[v5,1/1] diff.c: When appropriate, use utf8_strwidth()

Message ID	20220914151333.3309-1-tboegi@web.de (mailing list archive)
State	New, archived
Headers	show Return-Path: <git-owner@kernel.org> From: tboegi@web.de To: git@vger.kernel.org, alexander.s.m@gmail.com, Johannes.Schindelin@gmx.de Cc: =?utf-8?q?Torsten_B=C3=B6gershausen?= <tboegi@web.de> Subject: [PATCH v5 1/1] diff.c: When appropriate, use utf8_strwidth() Date: Wed, 14 Sep 2022 17:13:33 +0200 Message-Id: <20220914151333.3309-1-tboegi@web.de> In-Reply-To: <CA+VDVVVmi99i6ZY64tg8RkVXDc5gOzQP_SH12zhDKRkUnhWFgw@mail.gmail.com> References: <CA+VDVVVmi99i6ZY64tg8RkVXDc5gOzQP_SH12zhDKRkUnhWFgw@mail.gmail.com> MIME-Version: 1.0 Content-Type: text/plain; charset=UTF-8 Content-Transfer-Encoding: quoted-printable Precedence: bulk
Series	[v5,1/1] diff.c: When appropriate, use utf8_strwidth() \| expand [v5,1/1] diff.c: When appropriate, use utf8_strwidth()

Torsten Bögershausen Sept. 14, 2022, 3:13 p.m.

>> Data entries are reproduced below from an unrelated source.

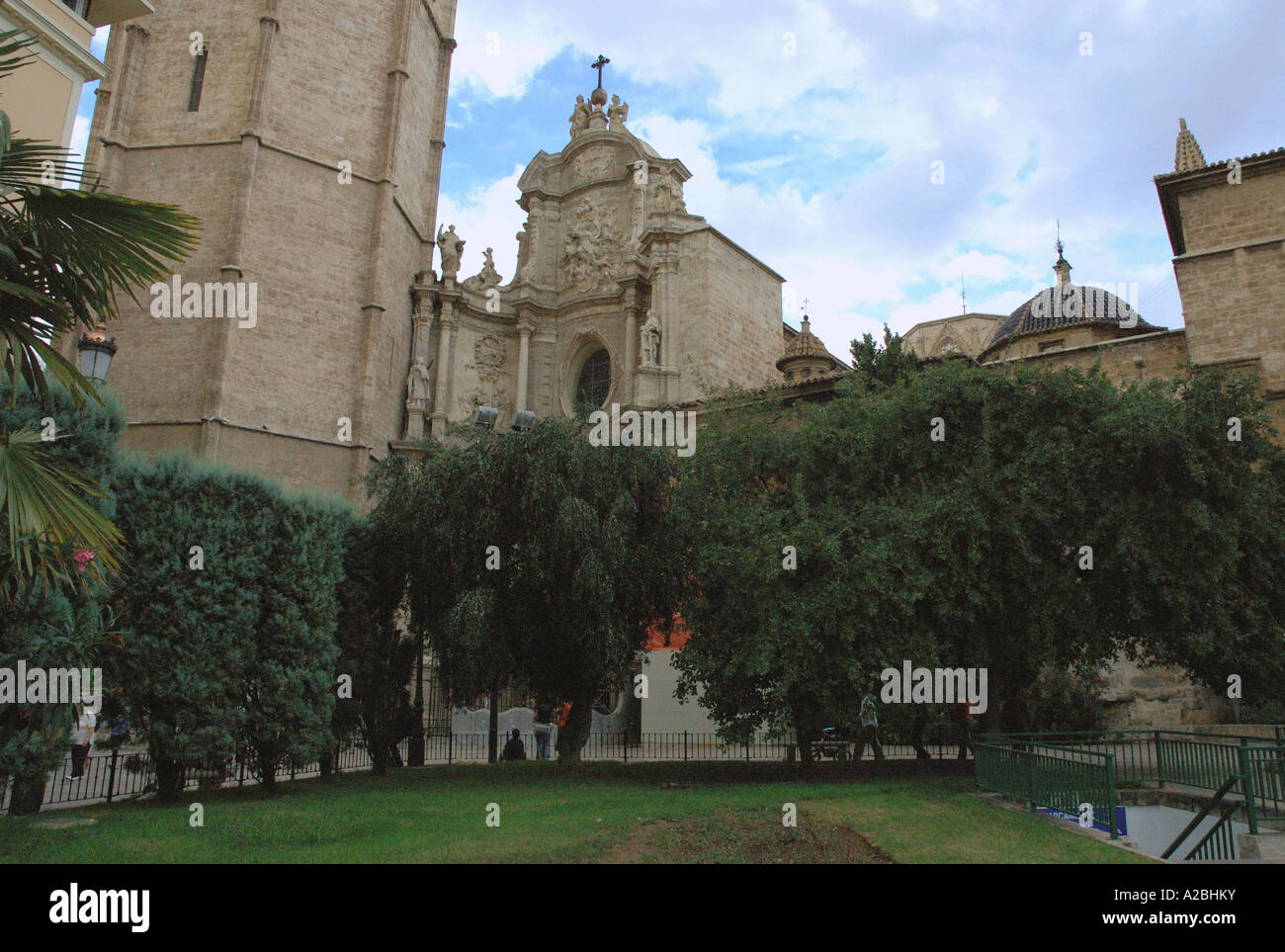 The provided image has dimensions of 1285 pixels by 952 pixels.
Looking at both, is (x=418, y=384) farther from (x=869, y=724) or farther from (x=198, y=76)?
(x=869, y=724)

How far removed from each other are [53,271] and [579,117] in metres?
33.9

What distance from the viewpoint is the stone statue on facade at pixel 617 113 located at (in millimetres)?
35500

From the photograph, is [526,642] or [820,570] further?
[526,642]

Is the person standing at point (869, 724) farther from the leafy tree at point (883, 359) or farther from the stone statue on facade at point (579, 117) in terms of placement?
the stone statue on facade at point (579, 117)

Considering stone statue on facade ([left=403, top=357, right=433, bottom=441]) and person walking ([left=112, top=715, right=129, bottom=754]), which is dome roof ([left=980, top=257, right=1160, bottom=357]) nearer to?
stone statue on facade ([left=403, top=357, right=433, bottom=441])

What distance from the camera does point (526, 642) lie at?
549 inches

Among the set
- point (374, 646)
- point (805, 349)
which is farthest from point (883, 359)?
point (374, 646)

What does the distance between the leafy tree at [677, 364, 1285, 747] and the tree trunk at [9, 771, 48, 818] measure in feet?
26.7

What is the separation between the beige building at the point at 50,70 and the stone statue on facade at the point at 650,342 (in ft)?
61.7

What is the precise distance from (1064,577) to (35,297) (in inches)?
502

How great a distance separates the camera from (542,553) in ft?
43.7

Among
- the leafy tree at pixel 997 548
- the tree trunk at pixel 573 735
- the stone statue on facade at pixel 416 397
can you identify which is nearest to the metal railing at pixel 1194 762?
the leafy tree at pixel 997 548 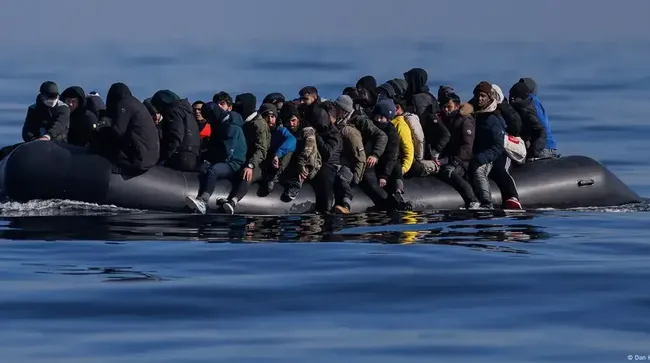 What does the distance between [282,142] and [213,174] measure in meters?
1.25

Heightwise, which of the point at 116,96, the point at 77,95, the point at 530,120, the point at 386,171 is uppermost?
the point at 77,95

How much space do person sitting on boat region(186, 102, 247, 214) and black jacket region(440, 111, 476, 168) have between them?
3.75 meters

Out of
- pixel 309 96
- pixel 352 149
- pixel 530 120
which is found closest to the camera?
pixel 352 149

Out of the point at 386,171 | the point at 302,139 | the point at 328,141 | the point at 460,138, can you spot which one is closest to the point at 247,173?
the point at 302,139

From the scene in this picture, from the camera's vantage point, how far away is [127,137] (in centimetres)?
2708

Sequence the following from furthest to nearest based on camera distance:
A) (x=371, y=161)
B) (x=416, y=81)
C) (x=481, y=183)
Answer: (x=416, y=81), (x=481, y=183), (x=371, y=161)

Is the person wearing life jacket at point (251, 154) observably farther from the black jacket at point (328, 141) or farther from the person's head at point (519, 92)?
the person's head at point (519, 92)

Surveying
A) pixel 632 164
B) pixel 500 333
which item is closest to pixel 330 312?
pixel 500 333

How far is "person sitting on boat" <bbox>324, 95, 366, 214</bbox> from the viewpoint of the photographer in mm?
28297

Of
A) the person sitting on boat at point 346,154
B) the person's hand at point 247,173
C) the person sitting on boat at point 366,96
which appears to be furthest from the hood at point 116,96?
the person sitting on boat at point 366,96

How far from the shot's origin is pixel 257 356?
60.1 feet

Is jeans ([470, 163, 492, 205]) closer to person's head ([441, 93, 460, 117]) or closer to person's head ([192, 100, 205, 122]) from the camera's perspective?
person's head ([441, 93, 460, 117])

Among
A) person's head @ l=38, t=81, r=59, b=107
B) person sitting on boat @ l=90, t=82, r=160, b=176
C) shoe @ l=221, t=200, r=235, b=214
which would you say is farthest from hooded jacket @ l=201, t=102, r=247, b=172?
person's head @ l=38, t=81, r=59, b=107

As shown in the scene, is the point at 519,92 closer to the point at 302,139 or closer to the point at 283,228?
the point at 302,139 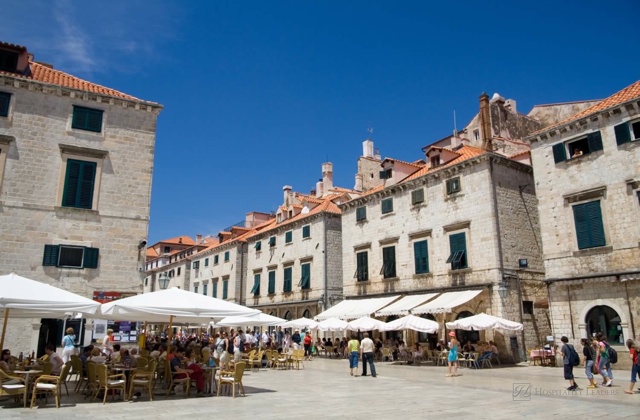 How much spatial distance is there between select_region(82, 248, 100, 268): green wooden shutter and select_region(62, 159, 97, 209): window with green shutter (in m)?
1.77

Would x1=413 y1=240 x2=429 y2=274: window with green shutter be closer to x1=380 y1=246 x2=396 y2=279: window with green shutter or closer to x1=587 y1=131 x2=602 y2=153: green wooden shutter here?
x1=380 y1=246 x2=396 y2=279: window with green shutter

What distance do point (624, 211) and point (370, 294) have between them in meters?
14.3

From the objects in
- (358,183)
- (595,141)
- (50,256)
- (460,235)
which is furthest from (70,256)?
(358,183)

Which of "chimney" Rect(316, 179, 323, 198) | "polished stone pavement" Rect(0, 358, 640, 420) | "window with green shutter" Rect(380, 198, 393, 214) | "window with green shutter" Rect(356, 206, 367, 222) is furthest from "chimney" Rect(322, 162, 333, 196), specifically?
"polished stone pavement" Rect(0, 358, 640, 420)

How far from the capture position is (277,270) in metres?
37.7

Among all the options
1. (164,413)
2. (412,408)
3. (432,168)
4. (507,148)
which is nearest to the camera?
(164,413)

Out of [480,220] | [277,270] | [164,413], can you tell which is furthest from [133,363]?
[277,270]

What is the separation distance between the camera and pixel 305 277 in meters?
34.1

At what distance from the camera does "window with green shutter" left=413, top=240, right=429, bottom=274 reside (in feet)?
84.2

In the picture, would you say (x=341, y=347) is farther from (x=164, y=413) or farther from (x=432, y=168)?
(x=164, y=413)

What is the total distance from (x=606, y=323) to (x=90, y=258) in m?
19.8

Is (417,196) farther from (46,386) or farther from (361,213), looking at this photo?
(46,386)

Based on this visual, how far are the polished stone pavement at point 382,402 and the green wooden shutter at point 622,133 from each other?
859cm

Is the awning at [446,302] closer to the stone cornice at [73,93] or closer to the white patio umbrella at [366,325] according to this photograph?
the white patio umbrella at [366,325] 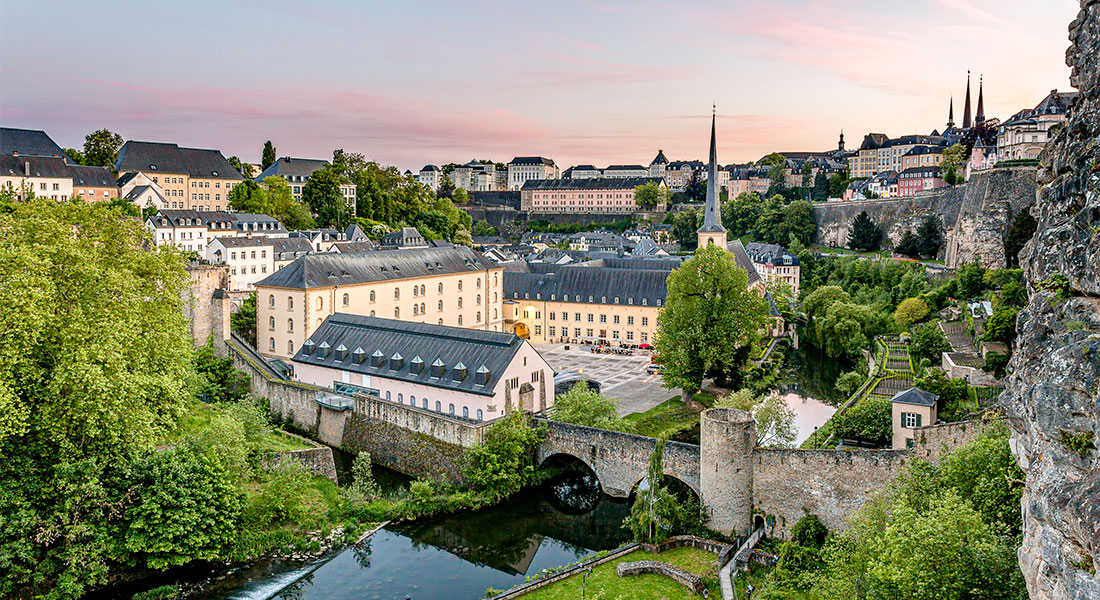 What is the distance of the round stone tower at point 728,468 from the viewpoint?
22.6 metres

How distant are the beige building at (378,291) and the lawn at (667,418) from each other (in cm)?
1707

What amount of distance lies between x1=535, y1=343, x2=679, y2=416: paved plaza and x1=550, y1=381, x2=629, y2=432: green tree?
215 inches

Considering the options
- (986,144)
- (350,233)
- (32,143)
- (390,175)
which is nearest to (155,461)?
(350,233)

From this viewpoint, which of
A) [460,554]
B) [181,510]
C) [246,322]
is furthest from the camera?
[246,322]

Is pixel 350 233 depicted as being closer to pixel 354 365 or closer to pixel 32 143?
pixel 32 143

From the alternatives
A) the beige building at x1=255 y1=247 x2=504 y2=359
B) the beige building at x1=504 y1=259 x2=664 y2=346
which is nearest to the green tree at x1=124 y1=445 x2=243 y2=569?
the beige building at x1=255 y1=247 x2=504 y2=359

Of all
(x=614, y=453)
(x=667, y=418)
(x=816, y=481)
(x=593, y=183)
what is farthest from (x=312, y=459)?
(x=593, y=183)

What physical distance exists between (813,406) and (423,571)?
78.2ft

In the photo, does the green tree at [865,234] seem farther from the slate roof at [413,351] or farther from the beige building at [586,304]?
the slate roof at [413,351]

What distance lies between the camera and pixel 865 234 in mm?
80625

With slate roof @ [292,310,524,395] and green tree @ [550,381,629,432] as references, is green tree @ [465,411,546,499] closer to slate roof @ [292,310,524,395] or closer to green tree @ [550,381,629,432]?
green tree @ [550,381,629,432]

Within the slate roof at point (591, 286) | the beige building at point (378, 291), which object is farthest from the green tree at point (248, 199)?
the slate roof at point (591, 286)

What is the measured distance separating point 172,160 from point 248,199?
11.8 m

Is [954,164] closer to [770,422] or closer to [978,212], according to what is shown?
[978,212] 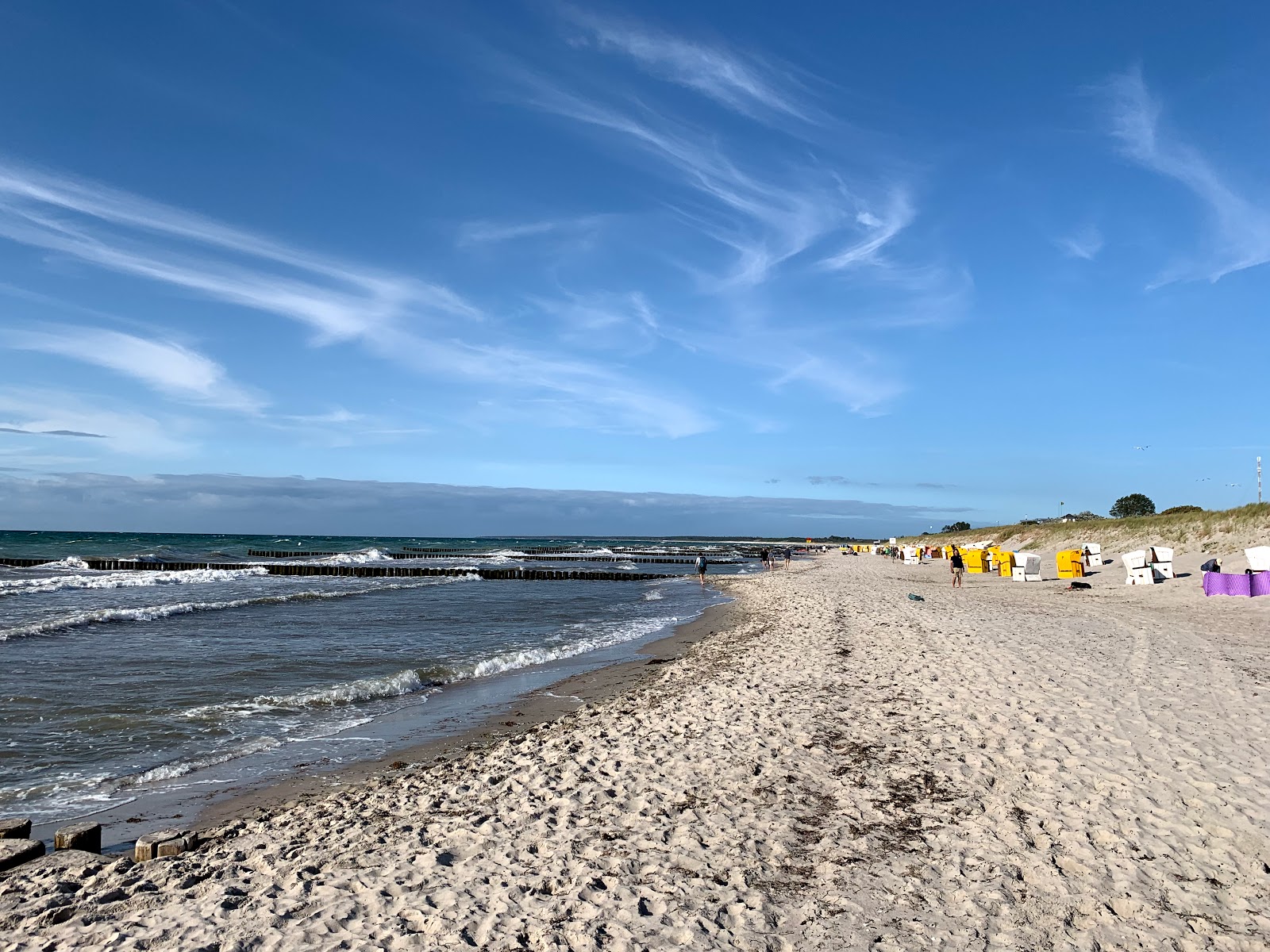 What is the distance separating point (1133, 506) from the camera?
83812 mm

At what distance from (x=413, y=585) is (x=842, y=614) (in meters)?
22.5

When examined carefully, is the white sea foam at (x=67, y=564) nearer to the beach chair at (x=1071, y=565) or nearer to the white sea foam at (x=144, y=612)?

UTC

From: Torsten Bögershausen <tboegi@web.de>

When unicode filenames (encoded in UTF-8) are used, the visible width
on the screen is not the same as strlen().

For example, `git log --stat` may produce an output like this:

[snip the header]

 Arger.txt  | 1 +
 Ärger.txt | 1 +
 2 files changed, 2 insertions(+)

A side note: the original report was about cyrillic filenames.
After some investigations it turned out that
a) This is not a problem with "ambiguous characters" in unicode
b) The same problem exists for all unicode code points (so we
  can use Latin based Umlauts for demonstrations below)

The 'Ä' takes the same space on the screen as the 'A'.
But needs one more byte in memory, so the the `git log --stat` output
for "Arger.txt" (!) gets mis-aligned:
The maximum length is derived from "Ärger.txt", 10 bytes in memory,
9 positions on the screen. That is why "Arger.txt" gets one extra ' '
for aligment, it needs 9 bytes in memory.
If there was a file "Ö", it would be correctly aligned by chance,
but "Öhö" would not.

The solution is of course, to use utf8_strwidth() instead of strlen()
when dealing with the width on screen.

And then there is another problem, code like this:
strbuf_addf(&out, "%-*s", len, name);
(or using the underlying snprintf() function) does not align the
buffer to a minimum of len measured in screen-width, but uses the
memory count.

One could be tempted to wish that snprintf() was UTF-8 aware.
That doesn't seem to be the case anywhere (tested on Linux and Mac),
probably snprintf() uses the "bytes in memory"/strlen() approach to be
compatible with older versions and this will never change.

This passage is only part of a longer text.